Whether the imputation contained in the article is construed as found by the jury or as it was unsuccessfully contended for by the defendant, the fact remains that it was the plaintiff who was the key figure involved.
Does then Mrs Younes’ failure to interview her (as found by the jury) lead, in the circumstances of this case, to a consequential failure by the defendant to establish qualified privilege.”
20 Having considered and rejected the respondent’s submission that the imputation found by the jury was in fact true and so any failure to interview the appellant was not relevant, his Honour came to his conclusion -
“While, as I have said, the question of whether qualified privilege exists, depends as a general rule by reference to the actual facts, a bona fide, though mistaken belief, as to the circumstances can confer the privilege.
In London Association for Protection of Trade v Greenlands [1916] 2 AC 15 at 42 Lord Parker said:
‘It is therefore a principle of law that a person asked for information affecting the credit of another is justified in giving it, provided -
Here Mrs Younes did have (as found by the jury) a bona fide belief that what she had written gave rise to the imputation contended for by the defendant. While that was not the imputation found by the jury her belief was otherwise and (as also found) honestly formed.
1. that he bona fide believes in the truth of the information which he gives; …’
See also Hunt AJA’s analysis in Morgan’s case .
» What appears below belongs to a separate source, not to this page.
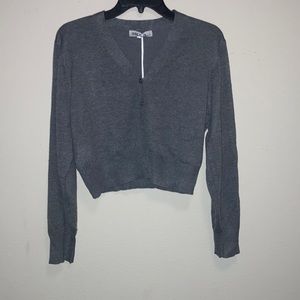 NWT gray cropped cardigan size large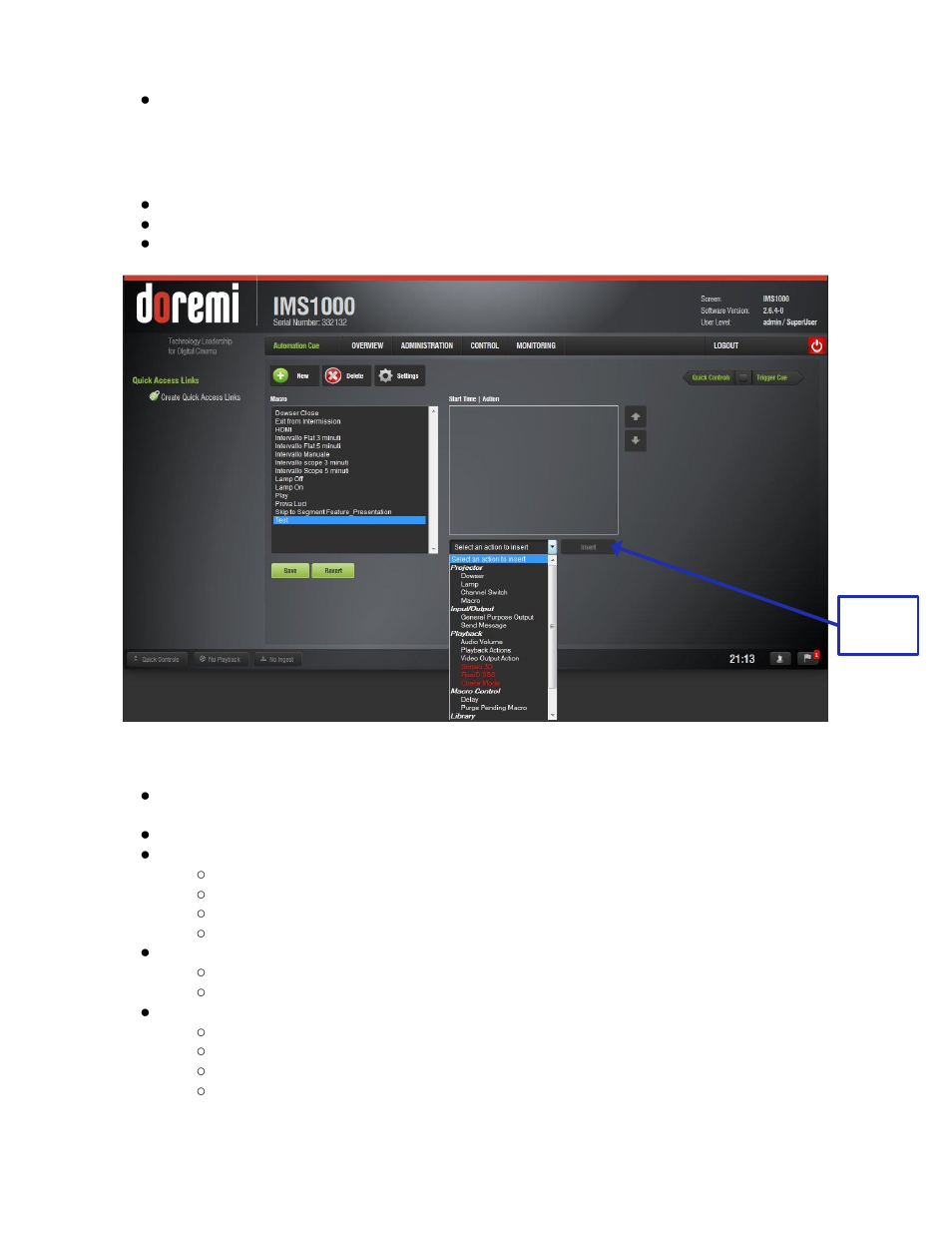 Inserting actions into macro cues | Doremi IMS1000 User Manual | Page 127 / 320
That belief could not have been in any way changed by an interview with the plaintiff which may have confirmed that the matters of dereliction of duty referred to in the article were allegations made by others which were to be raised at the meeting and not matters of historical fact.
It is not difficult to visualise circumstances where the failure of a journalist to interview a plaintiff prior to the publication of a defamatory article will disentitle a defendant publisher from relying on a defence of qualified privilege. Those circumstances are obviously manifold.
However, the jury’s finding as to the belief of Mrs Younes in this case coupled with their finding as to the defamatory imputation leads me to the conclusion that the inquiries made by Mrs Younes were sufficient to satisfy the test as outlined by Hunt A-JA in Morgan’s case . In short, that inquiry of the plaintiff would not have altered Mrs Younes’ belief that what she had written was true.”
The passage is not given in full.